The coppery-bellied puffleg is 9 to 10 cm long and weighs 4.4 to 5.6 g. It has a straight black bill. The male has shining green upperparts with bluish green uppertail coverts. Its throat, breast, and flanks are glittering green, the center of its belly golden-copper, and its undertail coverts glittering violet. Its leg puffs are white. The tail is forked and blue-black. The female is similar, but its throat has grayish white speckles and the coppery belly is less intense. The juvenile has a blackish breast and no copper on the belly.

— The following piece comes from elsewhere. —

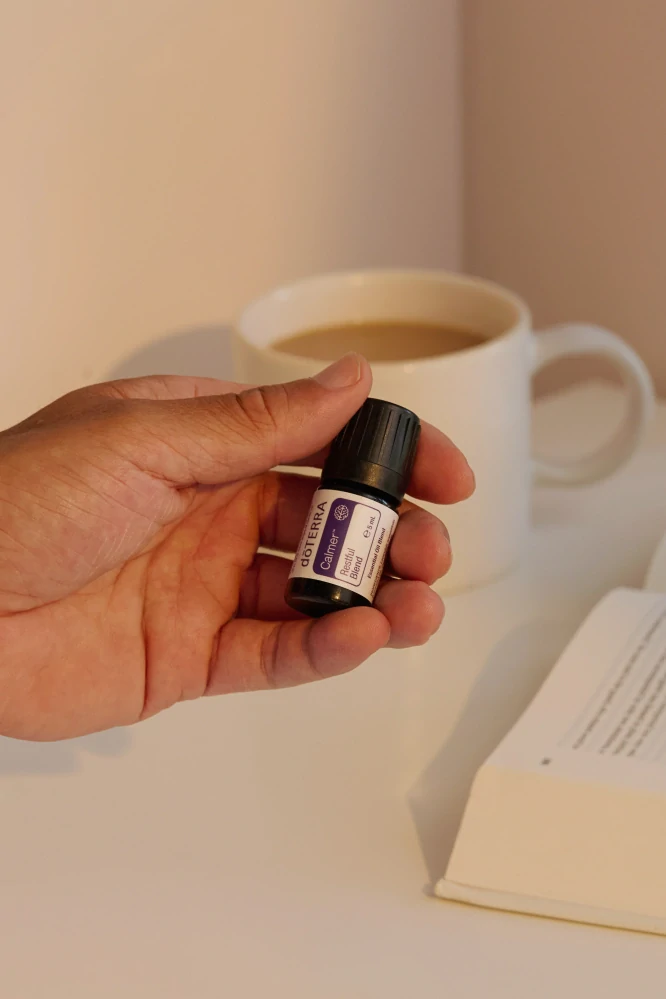 dōTERRA difuzér Tučniak a dōTERRA Calmer 5 ml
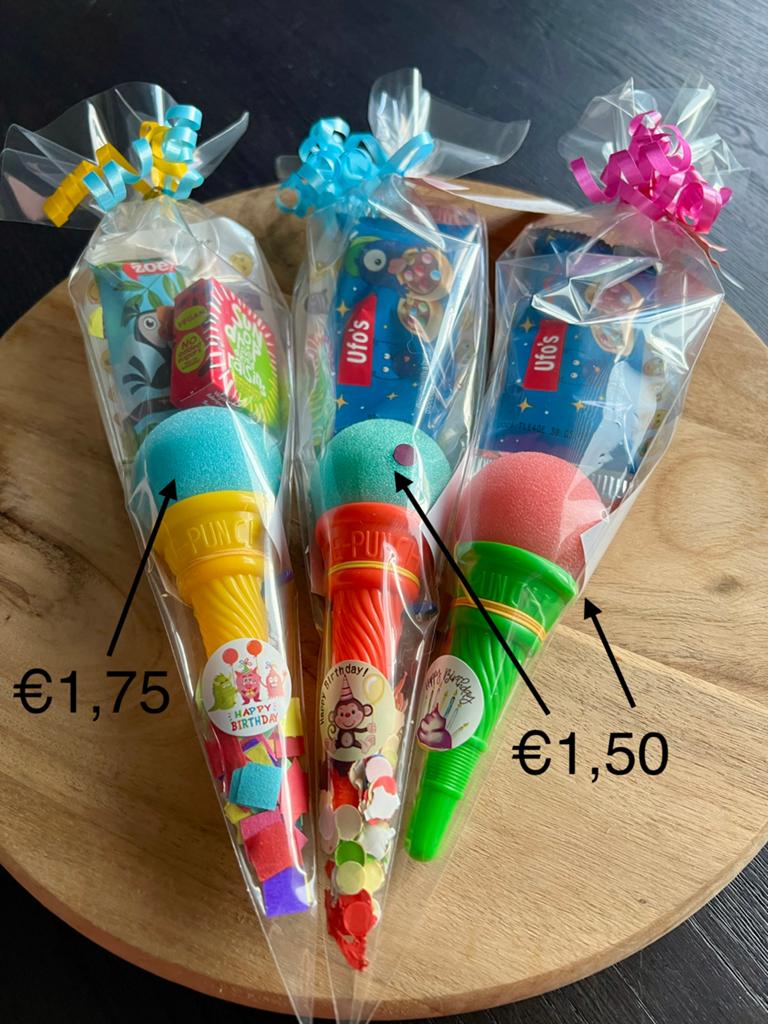 Complete traktatie met speeltje en persoonlijk kaartje, Ophalen of Verzenden, Nieuw, Feestartikel, Verjaardag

==Distribution and habitat==

The coppery-bellied puffleg is found from the Andes of northwestern Venezuela's Mérida state south and west in the Eastern Andes of Colombia as far as Cundinamarca Department. It mostly inhabits open landscapes such as the edges of montane forest, shrubby slopes, and the lower reaches of the páramo zone, though it also occurs inside humid forest. In elevation it ranges between 2000 and 3000 m but is most abundant above 2500 m.

==Behavior==
===Movement===

The copper-bellied puffleg is mostly sedentary but makes seasonal elevational movements.

===Feeding===

The coppery-bellied puffleg feeds on nectar at shrubs and small trees whose flowers have short corollas. Some preferred plants are those of genera Palicourea, Cavendishia, and Pernettya. It nectars while clinging to the flower and is "pugnacious and territorial" at flowering plants. Its diet also includes insects taken by hawking.

===Breeding===

The coppery-bellied puffleg's breeding season is from September to January. Its nest has not been described but is usually placed in dense vegetation. The female incubates the clutch of two white eggs but the incubation period and time to fledging are not known.

===Vocalization===

The coppery-bellied puffleg's only described vocalization is "a single metallic note 'tseek', repeated at irregular intervals". It is given both from a perch and while hovering.

==Status==

The IUCN has assessed the coppery-bellied puffleg as Near Threatened. It does not have a large range; its population size is not known and is believed to be decreasing. Much of its habitat has been converted to croplands and grazing.